Crawled caption data:
:::::
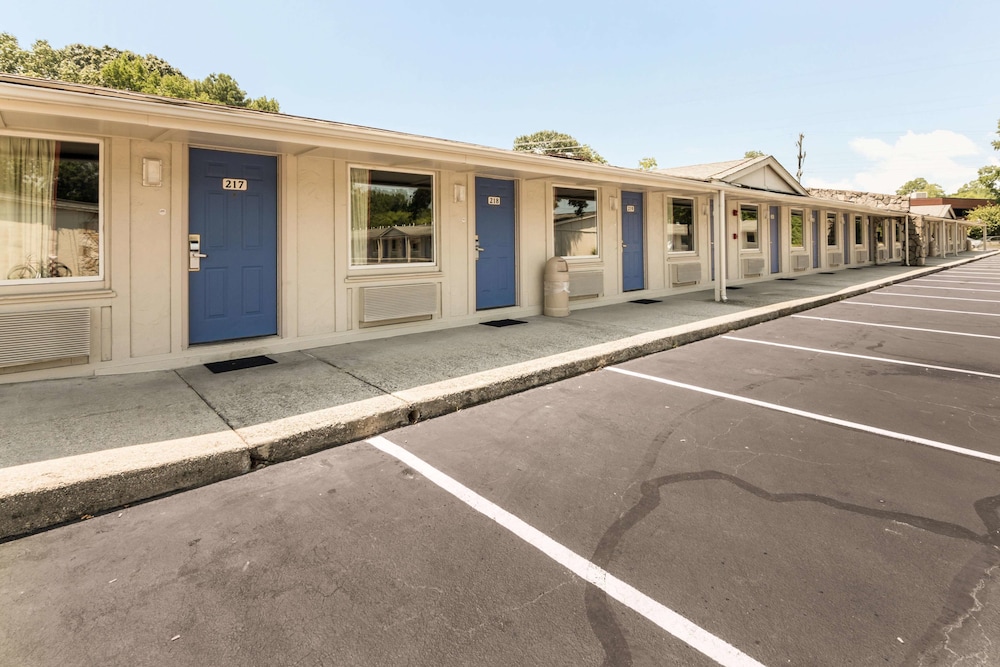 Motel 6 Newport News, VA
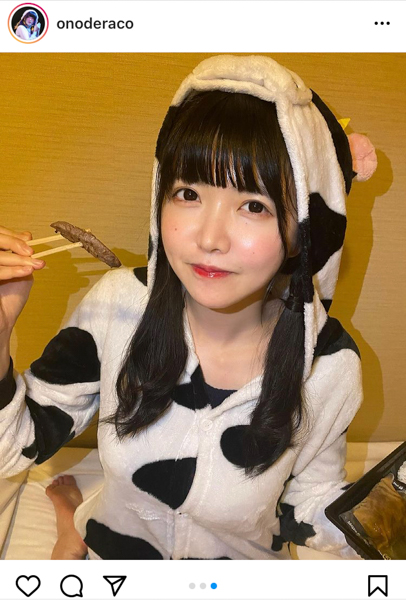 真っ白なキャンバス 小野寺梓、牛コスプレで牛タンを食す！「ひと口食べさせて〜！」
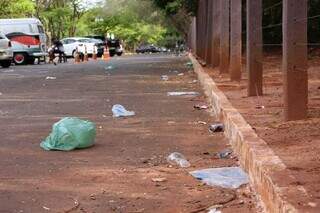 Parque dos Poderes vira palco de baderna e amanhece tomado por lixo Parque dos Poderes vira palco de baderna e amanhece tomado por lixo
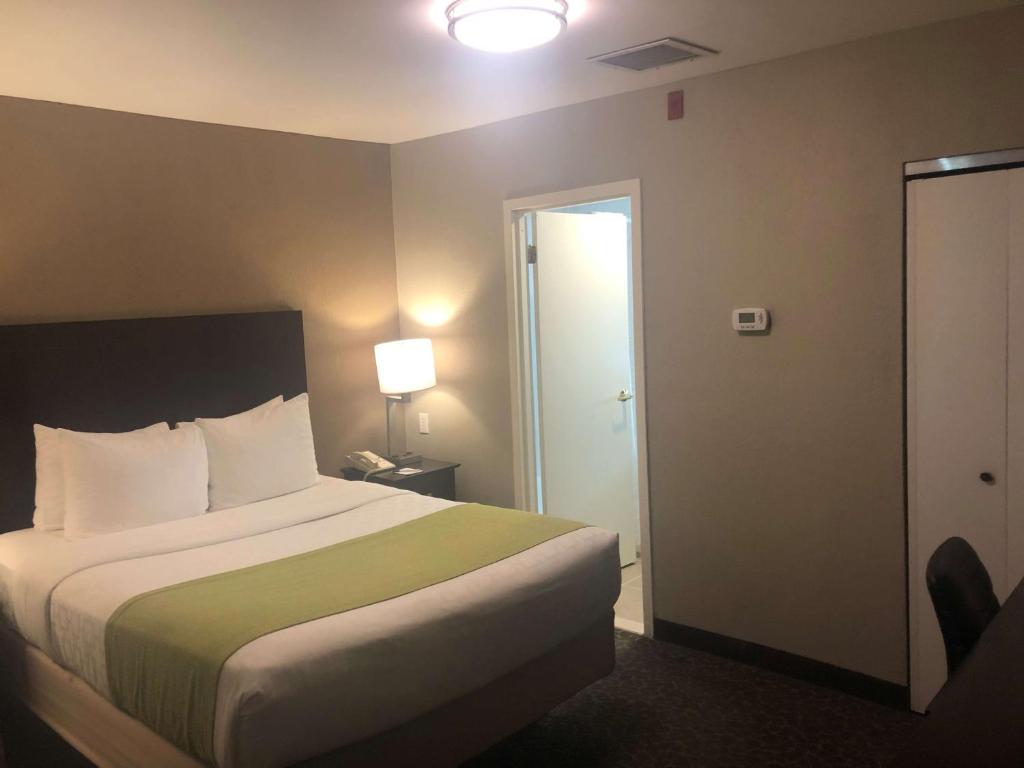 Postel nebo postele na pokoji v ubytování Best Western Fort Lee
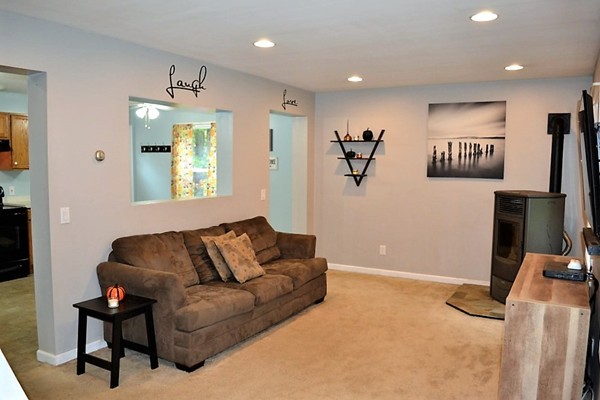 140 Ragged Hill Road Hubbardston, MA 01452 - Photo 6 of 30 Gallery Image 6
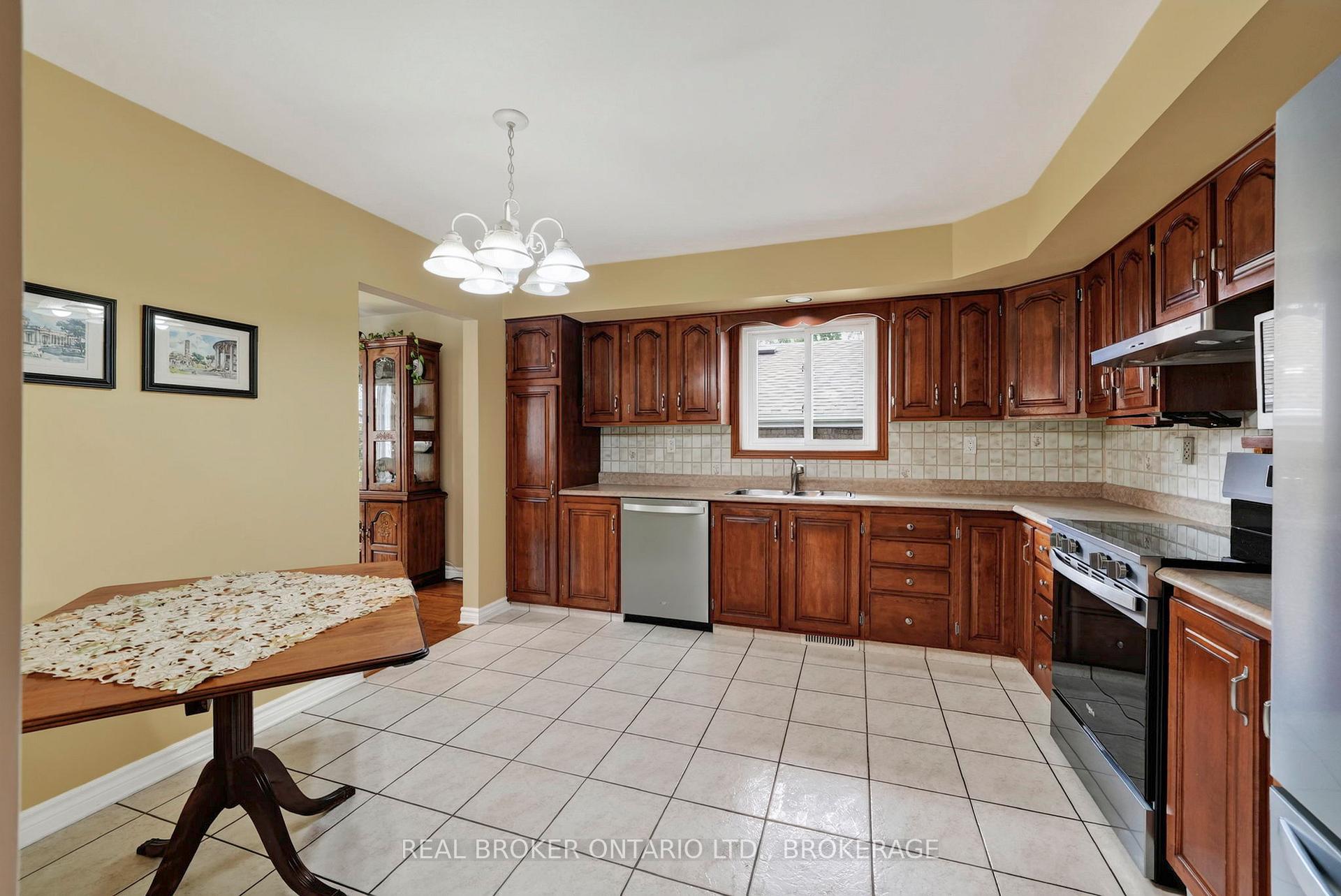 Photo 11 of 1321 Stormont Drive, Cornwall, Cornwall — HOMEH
:::::
▶ What the exercise asks:
Output exactly and only the lines from the line containing "Postel nebo postele" to the end of the entries, both included, and omit every picture.

▶ Result of the task:
 Postel nebo postele na pokoji v ubytování Best Western Fort Lee
 140 Ragged Hill Road Hubbardston, MA 01452 - Photo 6 of 30 Gallery Image 6
 Photo 11 of 1321 Stormont Drive, Cornwall, Cornwall — HOMEH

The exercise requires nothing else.